Les usines de « recon » fonctionnent comme des usines de pâte à papier ou des labos d’héroïne. « Recon » comme reconstitution. Des feuilles de tabac sont écrasées et transformées en pâte dans d’énormes cuves, puis transformées en plaques de 3,70 m de large qui, après séchage, sont aspergées de nicotine et de divers arômes et conservateurs. En cuisine tabagiste, c’est ce qu’on appelle le sauçage. De l’ammoniac y est ajouté pour favoriser la transformation des feuilles et rendre la fumée moins acide. Le résultat est un arôme sucré délicieux qu’on nomme american blend, davantage chargé en nicotine. Le résultat, c’est tout simplement le tabac blond, celui qui est fumé par des centaines de millions de consommateurs dans le monde.

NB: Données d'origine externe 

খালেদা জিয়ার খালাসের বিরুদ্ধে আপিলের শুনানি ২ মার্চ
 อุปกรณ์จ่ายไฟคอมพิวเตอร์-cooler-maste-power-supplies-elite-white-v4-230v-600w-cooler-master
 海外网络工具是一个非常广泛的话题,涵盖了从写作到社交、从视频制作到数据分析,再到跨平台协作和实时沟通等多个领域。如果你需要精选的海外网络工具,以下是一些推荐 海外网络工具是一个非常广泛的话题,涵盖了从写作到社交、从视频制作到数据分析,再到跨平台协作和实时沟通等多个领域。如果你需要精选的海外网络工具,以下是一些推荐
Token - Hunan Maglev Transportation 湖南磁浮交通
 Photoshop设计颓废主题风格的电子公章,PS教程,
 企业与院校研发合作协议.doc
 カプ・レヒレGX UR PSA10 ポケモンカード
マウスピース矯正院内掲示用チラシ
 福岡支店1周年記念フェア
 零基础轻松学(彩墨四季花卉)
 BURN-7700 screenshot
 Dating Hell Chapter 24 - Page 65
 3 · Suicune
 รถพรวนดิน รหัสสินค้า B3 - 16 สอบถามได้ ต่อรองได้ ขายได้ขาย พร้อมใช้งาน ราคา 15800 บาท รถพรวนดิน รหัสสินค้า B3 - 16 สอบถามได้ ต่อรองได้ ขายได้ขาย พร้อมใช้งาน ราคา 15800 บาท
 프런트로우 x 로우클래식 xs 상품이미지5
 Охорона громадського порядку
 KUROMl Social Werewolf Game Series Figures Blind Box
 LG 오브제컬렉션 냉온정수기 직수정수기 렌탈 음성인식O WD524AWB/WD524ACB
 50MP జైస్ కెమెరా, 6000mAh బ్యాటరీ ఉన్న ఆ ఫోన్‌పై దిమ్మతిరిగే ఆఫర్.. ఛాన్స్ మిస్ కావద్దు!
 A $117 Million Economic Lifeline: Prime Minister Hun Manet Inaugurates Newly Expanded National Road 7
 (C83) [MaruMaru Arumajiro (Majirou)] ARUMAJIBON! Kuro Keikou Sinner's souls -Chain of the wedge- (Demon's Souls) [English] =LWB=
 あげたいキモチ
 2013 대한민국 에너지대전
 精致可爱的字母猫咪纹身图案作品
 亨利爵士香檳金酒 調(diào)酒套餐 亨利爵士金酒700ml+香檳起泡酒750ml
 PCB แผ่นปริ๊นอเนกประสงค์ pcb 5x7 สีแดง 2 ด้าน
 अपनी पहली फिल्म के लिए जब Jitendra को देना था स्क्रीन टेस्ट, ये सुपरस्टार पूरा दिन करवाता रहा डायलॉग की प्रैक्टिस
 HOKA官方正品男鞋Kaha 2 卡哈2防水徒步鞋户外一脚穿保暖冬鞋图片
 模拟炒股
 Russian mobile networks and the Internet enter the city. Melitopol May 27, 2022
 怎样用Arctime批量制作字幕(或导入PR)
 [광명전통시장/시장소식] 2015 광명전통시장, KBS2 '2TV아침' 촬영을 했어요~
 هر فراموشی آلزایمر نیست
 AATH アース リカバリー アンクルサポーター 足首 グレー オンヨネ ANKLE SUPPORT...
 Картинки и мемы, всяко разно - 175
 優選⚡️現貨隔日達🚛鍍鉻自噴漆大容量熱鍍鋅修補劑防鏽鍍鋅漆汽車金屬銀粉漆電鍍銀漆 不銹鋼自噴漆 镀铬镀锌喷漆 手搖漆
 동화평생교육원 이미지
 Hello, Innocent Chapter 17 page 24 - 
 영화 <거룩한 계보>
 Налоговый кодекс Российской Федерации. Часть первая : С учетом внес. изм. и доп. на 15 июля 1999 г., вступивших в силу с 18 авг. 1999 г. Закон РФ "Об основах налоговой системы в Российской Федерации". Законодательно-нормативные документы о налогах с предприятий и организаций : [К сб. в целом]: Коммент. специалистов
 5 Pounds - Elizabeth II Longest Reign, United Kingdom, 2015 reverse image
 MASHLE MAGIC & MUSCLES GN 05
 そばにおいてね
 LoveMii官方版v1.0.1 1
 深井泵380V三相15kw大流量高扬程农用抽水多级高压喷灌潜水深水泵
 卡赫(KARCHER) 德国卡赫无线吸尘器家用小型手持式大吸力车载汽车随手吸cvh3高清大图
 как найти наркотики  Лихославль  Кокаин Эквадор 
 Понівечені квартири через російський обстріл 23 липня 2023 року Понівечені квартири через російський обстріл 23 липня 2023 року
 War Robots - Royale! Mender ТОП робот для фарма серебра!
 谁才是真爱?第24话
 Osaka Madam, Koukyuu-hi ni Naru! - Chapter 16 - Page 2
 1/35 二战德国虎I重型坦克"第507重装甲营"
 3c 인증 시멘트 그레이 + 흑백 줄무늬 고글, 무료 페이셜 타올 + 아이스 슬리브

Voilà pourquoi l’ammoniac est précieux.
Comme il fallait s’y attendre, les comptables de la SEITA ont cherché à faire traîner pour indemniser la société Yara en compensation des stocks partis en fumée, au motif que les sept braquages n’étaient pas de leur fait et ne relevaient pas de leur responsabilité.
Bien sûr, l’argent n’est pas le problème. Les sept morts non plus. Le problème, c’est le manque à gagner à court terme et la perte de parts de marché. Car les fumeurs n’attendent pas. Ils se comportent comme des junkies impatients, en manque de leur dose quotidienne. Si leurs cigarettes blondes ne sont pas disponibles, ils se rabattent sur une autre marque. Chaque camion-citerne brûlé, ce sont des millions de cigarettes que les Français ne fument pas aujourd’hui et qu’ils achètent à la concurrence.
Évidemment, les avocats de Yara ne l’entendent pas de cette oreille. Ils soupçonnent une manoeuvre de leurs concurrents visant à déstabiliser le marché ou une magouille financière de la SEITA, peut-être même une entente entre la SEITA et l’un de leurs concurrents pour faire baisser le prix de l’ammoniac. Qui sait ? Ça s’est déjà vu. Ils portent donc plainte, huit mois après le premier vol d’ammoniac. C’est là que Nora et la brigade financière interviennent.
Quelqu’un en voudrait-il à Yara ?
Une entité capable d’organiser sept braquages avec le matériel, la logistique et les méthodes de professionnels, et, pour ce faire, susceptible d’assumer sept morts violentes.
Nora s’étire et se frotte les yeux. L’employée lui sert un autre café. Nora décline. Il n’apprendra plus rien ici. Il referme le carnet de commandes qu’il était en train de consulter et ramasse ses affaires. L’employée fait mine d’être contrariée. Nora a une idée dont il se garde bien de lui parler.